The manga describes itself as "real, legendary, hardcore action". That's right: not just action. Hardcore action. Legendary, hardcore action. Real, legendary, hardcore action. Hold on, how can something be both 'real' and 'legendary'? It doesn't matter! If anything can, The Legend Of Koizumi can.

Apparently the story continues in Kindai Mahjong Original, where the Pope enters the battle! The freaking POPE! It simply doesn't get better than that.


Koizumi SMASH!

Tuesday, 3 February 2009

Origami

You know what origami is, obviously. It's what happens when bored people start farting around, folding bits of paper trying to make them look like animals, and generally only succeeding in making them look like folded bits of paper. Famously, folding 1000 cranes is supposed to be lucky. Of course if you put the time you spent folding stupid tiny cranes into just crunching the statistics, you'd stand far more of a chance of winning the lottery. Namely, no chance whatsoever.

But you're wrong to be so dismissive of origami - not all of it is complete rubbish. I've found some videos of people on the internet (traditionally the most bored people in the world) making some quite astounding things out of sheets of ordinary paper. Things that might bring out the excitable geek in you, if you haven't yet crushed that geek, and that ability to become excited, in back-episodes of Two Pints Of Lager And A Packet Of Crisps. Here are those videos.


That's right. It's Evangelion Unit 01. From a piece of paper.



A wild Pikachu attacked!



More Pokemon: Squirtle



Actually there are loads of Pokemon origami videos on YouTube: Palkia



This has loads of good work, but no step-by-step instructions on any of them. Also, mute the video before you hit play - the music's fucking execrable. And the last 30 seconds or so are taken up by what I'm guessing is a joke from Mr. "tinhyeusetdanh" on YouTube.


Make 1000 Palkias, then you'll have my respect.

Sunday, 1 February 2009

Show And Tell

Two schoolboys in Okinawa found an unexploded bomb from World War 2 and brought it into their school as study material.
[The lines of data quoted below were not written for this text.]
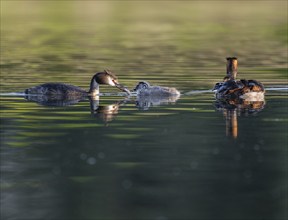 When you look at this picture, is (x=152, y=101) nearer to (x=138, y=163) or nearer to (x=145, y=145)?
(x=145, y=145)

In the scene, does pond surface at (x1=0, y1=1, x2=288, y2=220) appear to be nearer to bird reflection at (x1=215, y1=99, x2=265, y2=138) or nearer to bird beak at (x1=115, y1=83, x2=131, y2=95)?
bird reflection at (x1=215, y1=99, x2=265, y2=138)

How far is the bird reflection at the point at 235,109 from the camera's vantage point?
73.4ft

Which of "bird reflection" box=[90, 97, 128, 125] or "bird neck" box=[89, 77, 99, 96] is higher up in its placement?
"bird neck" box=[89, 77, 99, 96]

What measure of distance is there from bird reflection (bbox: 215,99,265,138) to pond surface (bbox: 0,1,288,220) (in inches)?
1.1

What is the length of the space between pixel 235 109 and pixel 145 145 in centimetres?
592

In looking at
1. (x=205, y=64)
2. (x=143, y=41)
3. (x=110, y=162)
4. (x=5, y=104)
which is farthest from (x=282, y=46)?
(x=110, y=162)

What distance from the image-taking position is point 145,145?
19.6 meters

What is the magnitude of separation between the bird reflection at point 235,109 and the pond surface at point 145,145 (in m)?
0.03

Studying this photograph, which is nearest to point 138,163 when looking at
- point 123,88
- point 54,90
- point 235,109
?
point 235,109

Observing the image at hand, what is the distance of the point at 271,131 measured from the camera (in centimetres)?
2127

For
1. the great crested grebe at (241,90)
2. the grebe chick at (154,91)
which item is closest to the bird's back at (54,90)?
the grebe chick at (154,91)

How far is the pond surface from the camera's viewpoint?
49.3ft

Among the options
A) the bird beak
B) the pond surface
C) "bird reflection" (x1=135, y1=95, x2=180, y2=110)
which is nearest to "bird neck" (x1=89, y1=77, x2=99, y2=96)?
the pond surface

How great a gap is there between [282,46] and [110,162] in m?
31.6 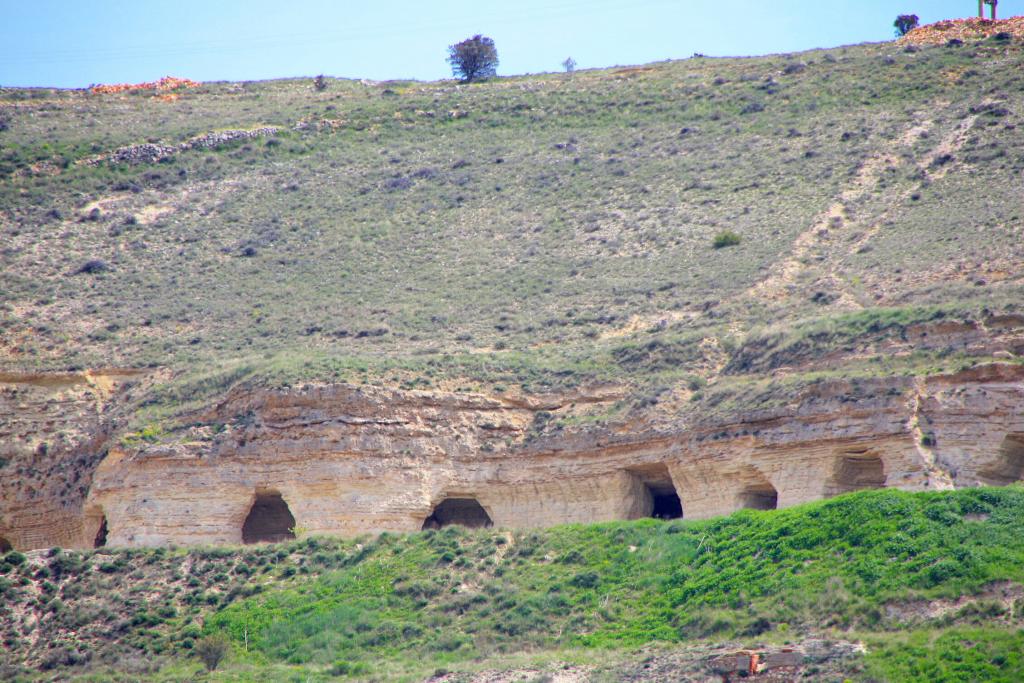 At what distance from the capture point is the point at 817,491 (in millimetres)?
34438

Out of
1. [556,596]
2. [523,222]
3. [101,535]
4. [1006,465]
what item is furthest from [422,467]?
[523,222]

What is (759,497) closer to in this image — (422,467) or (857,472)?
(857,472)

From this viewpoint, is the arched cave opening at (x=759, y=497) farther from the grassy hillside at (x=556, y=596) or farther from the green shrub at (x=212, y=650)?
the green shrub at (x=212, y=650)

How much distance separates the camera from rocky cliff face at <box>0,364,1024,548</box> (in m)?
35.1

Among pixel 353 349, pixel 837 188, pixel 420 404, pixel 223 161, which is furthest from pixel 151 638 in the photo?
pixel 223 161

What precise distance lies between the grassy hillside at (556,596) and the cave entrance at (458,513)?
3912 millimetres

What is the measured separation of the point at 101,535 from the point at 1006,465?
2423cm

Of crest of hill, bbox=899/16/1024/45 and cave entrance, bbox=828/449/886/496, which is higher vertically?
crest of hill, bbox=899/16/1024/45

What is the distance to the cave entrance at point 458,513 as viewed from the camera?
131 ft

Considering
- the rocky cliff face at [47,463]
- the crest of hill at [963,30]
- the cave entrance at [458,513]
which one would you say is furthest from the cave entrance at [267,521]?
the crest of hill at [963,30]

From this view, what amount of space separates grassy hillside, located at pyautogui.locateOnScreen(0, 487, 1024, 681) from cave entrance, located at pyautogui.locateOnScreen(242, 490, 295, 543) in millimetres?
3875

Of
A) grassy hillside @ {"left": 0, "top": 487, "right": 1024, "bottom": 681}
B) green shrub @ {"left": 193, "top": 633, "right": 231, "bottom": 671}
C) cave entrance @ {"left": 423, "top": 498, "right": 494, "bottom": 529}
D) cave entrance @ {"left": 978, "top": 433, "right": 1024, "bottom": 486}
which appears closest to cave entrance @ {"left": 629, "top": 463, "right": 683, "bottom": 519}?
grassy hillside @ {"left": 0, "top": 487, "right": 1024, "bottom": 681}

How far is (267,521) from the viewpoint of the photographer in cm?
4053

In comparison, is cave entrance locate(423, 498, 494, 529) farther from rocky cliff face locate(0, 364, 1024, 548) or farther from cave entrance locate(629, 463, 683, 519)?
cave entrance locate(629, 463, 683, 519) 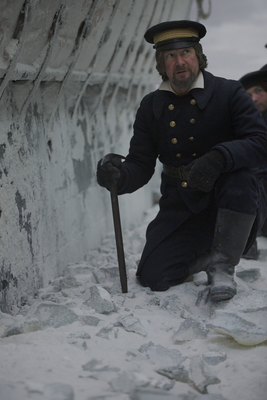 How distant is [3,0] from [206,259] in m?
1.82

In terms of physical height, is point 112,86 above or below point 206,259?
above

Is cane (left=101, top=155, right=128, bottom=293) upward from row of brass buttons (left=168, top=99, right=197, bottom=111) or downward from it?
downward

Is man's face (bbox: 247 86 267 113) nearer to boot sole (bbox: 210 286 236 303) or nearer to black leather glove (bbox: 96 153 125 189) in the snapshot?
black leather glove (bbox: 96 153 125 189)

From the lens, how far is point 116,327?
2422 millimetres

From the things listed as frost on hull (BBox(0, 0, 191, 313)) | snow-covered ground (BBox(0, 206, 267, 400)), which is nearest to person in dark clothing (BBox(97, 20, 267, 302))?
snow-covered ground (BBox(0, 206, 267, 400))

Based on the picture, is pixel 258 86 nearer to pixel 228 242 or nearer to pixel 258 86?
pixel 258 86

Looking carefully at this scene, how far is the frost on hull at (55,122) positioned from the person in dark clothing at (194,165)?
48 centimetres

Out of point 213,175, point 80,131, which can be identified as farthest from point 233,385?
point 80,131

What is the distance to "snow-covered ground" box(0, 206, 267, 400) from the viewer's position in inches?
72.1

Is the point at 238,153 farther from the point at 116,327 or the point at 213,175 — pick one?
the point at 116,327

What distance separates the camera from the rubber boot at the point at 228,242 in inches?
109

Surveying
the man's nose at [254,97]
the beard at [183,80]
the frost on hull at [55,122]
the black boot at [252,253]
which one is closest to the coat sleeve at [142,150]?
the beard at [183,80]

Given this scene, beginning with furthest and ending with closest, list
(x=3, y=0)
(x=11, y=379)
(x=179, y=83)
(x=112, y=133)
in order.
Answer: (x=112, y=133) < (x=179, y=83) < (x=3, y=0) < (x=11, y=379)

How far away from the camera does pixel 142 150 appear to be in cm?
312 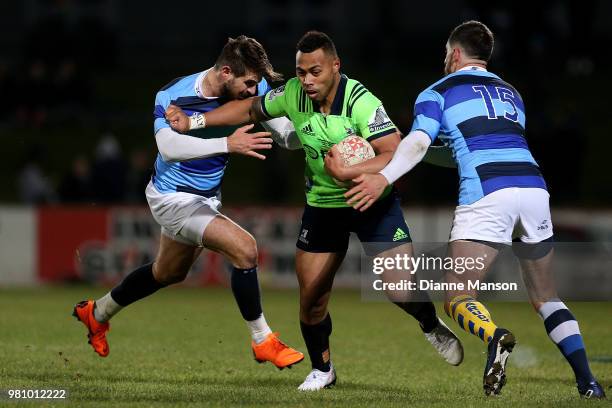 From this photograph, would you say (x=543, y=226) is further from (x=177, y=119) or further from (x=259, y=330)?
(x=177, y=119)

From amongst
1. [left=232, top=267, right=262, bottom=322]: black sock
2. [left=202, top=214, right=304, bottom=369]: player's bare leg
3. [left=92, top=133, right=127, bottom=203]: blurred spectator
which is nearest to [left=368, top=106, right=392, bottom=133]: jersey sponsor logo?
[left=202, top=214, right=304, bottom=369]: player's bare leg

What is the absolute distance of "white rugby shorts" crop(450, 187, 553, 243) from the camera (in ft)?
24.0

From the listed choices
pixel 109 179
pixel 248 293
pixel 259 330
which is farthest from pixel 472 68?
pixel 109 179

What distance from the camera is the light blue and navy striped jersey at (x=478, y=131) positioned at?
7410mm

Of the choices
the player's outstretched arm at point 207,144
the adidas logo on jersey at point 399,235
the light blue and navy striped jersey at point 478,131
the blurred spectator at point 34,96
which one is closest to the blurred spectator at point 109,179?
the blurred spectator at point 34,96

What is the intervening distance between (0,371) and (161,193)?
169 centimetres

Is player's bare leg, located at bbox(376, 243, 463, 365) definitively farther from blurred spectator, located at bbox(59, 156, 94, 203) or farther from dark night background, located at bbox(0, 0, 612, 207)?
blurred spectator, located at bbox(59, 156, 94, 203)

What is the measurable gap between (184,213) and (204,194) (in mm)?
321

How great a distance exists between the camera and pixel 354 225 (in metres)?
8.05

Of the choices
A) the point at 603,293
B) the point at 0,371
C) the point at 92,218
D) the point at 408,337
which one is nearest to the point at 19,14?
the point at 92,218

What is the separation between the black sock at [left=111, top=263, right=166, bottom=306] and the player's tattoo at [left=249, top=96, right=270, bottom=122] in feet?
5.21

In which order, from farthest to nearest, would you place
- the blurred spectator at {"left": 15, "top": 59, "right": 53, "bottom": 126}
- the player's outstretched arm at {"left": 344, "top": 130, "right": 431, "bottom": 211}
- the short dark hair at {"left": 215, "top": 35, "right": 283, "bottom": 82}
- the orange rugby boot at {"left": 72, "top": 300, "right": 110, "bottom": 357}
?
the blurred spectator at {"left": 15, "top": 59, "right": 53, "bottom": 126} < the orange rugby boot at {"left": 72, "top": 300, "right": 110, "bottom": 357} < the short dark hair at {"left": 215, "top": 35, "right": 283, "bottom": 82} < the player's outstretched arm at {"left": 344, "top": 130, "right": 431, "bottom": 211}

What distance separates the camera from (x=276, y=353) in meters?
8.29

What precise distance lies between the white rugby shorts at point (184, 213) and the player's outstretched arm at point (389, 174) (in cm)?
162
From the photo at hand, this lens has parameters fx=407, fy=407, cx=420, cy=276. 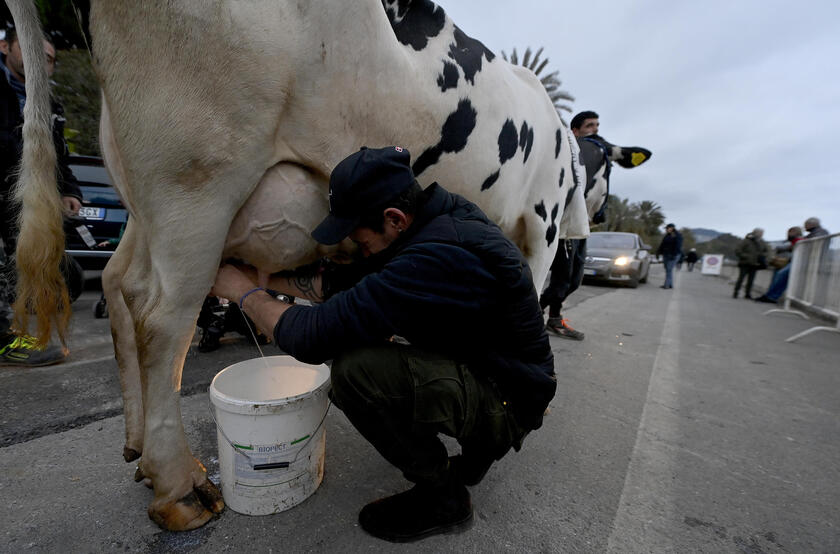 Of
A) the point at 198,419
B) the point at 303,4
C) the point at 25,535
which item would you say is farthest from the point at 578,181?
the point at 25,535

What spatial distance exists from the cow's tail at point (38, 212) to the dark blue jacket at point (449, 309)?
106cm

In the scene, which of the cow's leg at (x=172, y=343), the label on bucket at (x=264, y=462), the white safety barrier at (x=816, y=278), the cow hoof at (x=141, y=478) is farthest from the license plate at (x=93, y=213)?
the white safety barrier at (x=816, y=278)

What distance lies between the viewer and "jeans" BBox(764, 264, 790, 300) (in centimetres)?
896

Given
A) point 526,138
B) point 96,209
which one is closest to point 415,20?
point 526,138

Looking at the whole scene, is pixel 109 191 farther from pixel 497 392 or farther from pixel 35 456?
pixel 497 392

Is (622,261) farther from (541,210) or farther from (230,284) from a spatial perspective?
(230,284)

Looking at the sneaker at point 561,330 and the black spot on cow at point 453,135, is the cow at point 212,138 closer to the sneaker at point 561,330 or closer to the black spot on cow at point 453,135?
the black spot on cow at point 453,135

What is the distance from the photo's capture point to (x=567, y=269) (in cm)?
411

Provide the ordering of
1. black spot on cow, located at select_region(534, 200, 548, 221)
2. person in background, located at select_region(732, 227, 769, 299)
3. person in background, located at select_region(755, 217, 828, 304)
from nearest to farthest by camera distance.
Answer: black spot on cow, located at select_region(534, 200, 548, 221), person in background, located at select_region(755, 217, 828, 304), person in background, located at select_region(732, 227, 769, 299)

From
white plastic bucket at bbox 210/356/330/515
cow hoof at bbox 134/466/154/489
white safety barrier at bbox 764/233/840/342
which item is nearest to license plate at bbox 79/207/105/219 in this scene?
cow hoof at bbox 134/466/154/489

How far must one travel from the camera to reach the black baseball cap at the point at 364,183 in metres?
1.25

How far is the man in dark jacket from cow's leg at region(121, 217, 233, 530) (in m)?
0.16

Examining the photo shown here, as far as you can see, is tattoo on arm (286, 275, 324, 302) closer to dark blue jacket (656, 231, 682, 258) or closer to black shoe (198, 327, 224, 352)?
black shoe (198, 327, 224, 352)

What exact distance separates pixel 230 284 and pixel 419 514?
Answer: 106cm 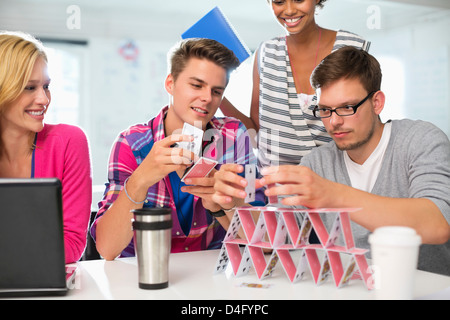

It turned out to be safe as the fuse was no longer intact, but it was still a pretty scary moment for the teachers.

The most surprising aspect of the linked article is the statement that in just two weeks this month, the SDF unearthed and disposed of 445 unexploded WW2 bombs in Okinawa. The Americans really took that place to task. For those of you who don't know, Okinawa was a major strategic field in the war between America and Japan, with one of the largest battles being held there in which almost 200,000 Japanese people died. It was going to be the base from which the Americans launched their invasion of Japan, but soon after they won it they decided to just nuke Hiroshima and Nagasaki. In the short term, nuking the two cities was a horrific and inhuman thing to do, but in the long term it probably saved a lot of lives that would undoubtedly have been lost in the defence of a ground-invasion.

As the linked article states, earlier this month a man had part of his face blown off when a water-pipe he was repairing disturbed a WW2 bomb. This sort of thing shouldn't be happening. It's too tragic for words.